The deliveries were heavier than trade expectations, Knorr said.

 

"While historically weak basis encouraged deliveries, traders noted that the market pulled back a little this week from full carry, making deliveries less attractive," he said. "Deliveries back in July were also much lighter, which had lessened expectations for September."

 

The next downside price objective for the bears is pushing and closing CBOT December wheat below major psychological support at US$8 with first support at Thursday's low of US$8.01 1/2, a technical analyst said.

 

The bulls' next upside price objective is to push and close December futures prices above solid technical resistance at US$8.50 a bushel, he said.
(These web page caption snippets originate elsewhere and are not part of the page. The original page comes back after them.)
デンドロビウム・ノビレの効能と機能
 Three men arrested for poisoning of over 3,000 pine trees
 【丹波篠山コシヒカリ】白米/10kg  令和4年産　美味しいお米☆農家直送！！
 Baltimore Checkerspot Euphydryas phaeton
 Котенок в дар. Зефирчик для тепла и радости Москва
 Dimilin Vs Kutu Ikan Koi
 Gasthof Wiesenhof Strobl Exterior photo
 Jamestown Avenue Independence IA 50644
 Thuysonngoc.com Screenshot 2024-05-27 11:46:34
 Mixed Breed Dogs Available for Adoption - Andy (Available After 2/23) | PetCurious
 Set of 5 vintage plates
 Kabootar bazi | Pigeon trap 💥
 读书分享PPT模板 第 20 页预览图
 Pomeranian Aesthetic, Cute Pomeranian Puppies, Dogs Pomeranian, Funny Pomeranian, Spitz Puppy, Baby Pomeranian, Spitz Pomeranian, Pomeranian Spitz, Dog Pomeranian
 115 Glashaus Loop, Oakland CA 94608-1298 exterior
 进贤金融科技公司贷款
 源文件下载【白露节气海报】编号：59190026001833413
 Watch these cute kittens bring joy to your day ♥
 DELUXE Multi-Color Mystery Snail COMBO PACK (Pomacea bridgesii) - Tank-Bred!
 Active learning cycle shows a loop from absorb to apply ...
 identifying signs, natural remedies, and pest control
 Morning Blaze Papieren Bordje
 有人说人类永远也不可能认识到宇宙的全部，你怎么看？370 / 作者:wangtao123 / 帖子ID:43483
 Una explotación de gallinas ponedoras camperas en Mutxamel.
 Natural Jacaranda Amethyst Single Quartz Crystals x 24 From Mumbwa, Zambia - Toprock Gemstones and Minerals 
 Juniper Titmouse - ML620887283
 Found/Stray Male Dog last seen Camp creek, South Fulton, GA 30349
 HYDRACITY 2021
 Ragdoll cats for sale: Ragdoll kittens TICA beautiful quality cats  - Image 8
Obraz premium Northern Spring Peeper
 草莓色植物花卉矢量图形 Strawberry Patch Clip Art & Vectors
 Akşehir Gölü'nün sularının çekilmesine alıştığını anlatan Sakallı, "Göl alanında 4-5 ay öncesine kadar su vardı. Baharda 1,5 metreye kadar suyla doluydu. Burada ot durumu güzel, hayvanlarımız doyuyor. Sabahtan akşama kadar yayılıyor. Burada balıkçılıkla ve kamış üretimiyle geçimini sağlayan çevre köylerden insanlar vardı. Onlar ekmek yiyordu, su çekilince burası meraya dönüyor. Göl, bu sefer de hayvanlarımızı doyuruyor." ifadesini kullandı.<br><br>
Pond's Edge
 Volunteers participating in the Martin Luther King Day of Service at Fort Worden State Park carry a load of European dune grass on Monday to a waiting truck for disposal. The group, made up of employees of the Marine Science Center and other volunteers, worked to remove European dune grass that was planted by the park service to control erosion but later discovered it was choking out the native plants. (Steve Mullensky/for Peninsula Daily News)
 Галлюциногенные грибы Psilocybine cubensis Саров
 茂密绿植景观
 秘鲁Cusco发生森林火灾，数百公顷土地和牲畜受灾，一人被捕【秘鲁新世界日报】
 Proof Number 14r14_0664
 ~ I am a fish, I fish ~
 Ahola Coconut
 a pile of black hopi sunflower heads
First resistance is seen at US$8.20 and then at Thursday's high of US$8.30 1/2.

 

Dry conditions currently dominate the U.S. northern Plains, with rain expected to move across the state Sunday and Monday, DTN Meteorlogix said.

 

Temperatures are now in the normal-to-well-above-normal range, but will begin dipping below normal on Monday and Tuesday, the private weather firm said.

 

"Wet and sometimes cool weather may be unfavorable for maturing wheat and could delay the harvest," Meteorlogix said.

 

Australia's benchmark wheat futures contract - ASX January 2009 - slipped AUS$1 to AUS$340/metric tonne, down almost 10% since Monday.

 

Even a big wheat crop in Western Australia won't be able to entirely offset poor yields expected in parts of the eastern states, so national output might only reach 20 million metric tonnes this year, said Brett Stevenson, director of agricultural risk management adviser MarketCheck.

 

A 20-million tonne national wheat crop would likely be the maximum unless there's a major turnaround in the weather, Stevenson said. His estimate was at the lower end of industry expectations ranging up to 24 million tonnes.

 

"Even with (recent) rain, they've got an enormous way to go to develop fully into a big plant that's going to produce a lot of grain," he said.

 

The industry has been buoyed by reasonable conditions for parts of Australia's wheat lands after drought slashed production to 13 million tonnes last year and 11 million tonnes in 2006, less than half of the record 26 million tonnes in 2003.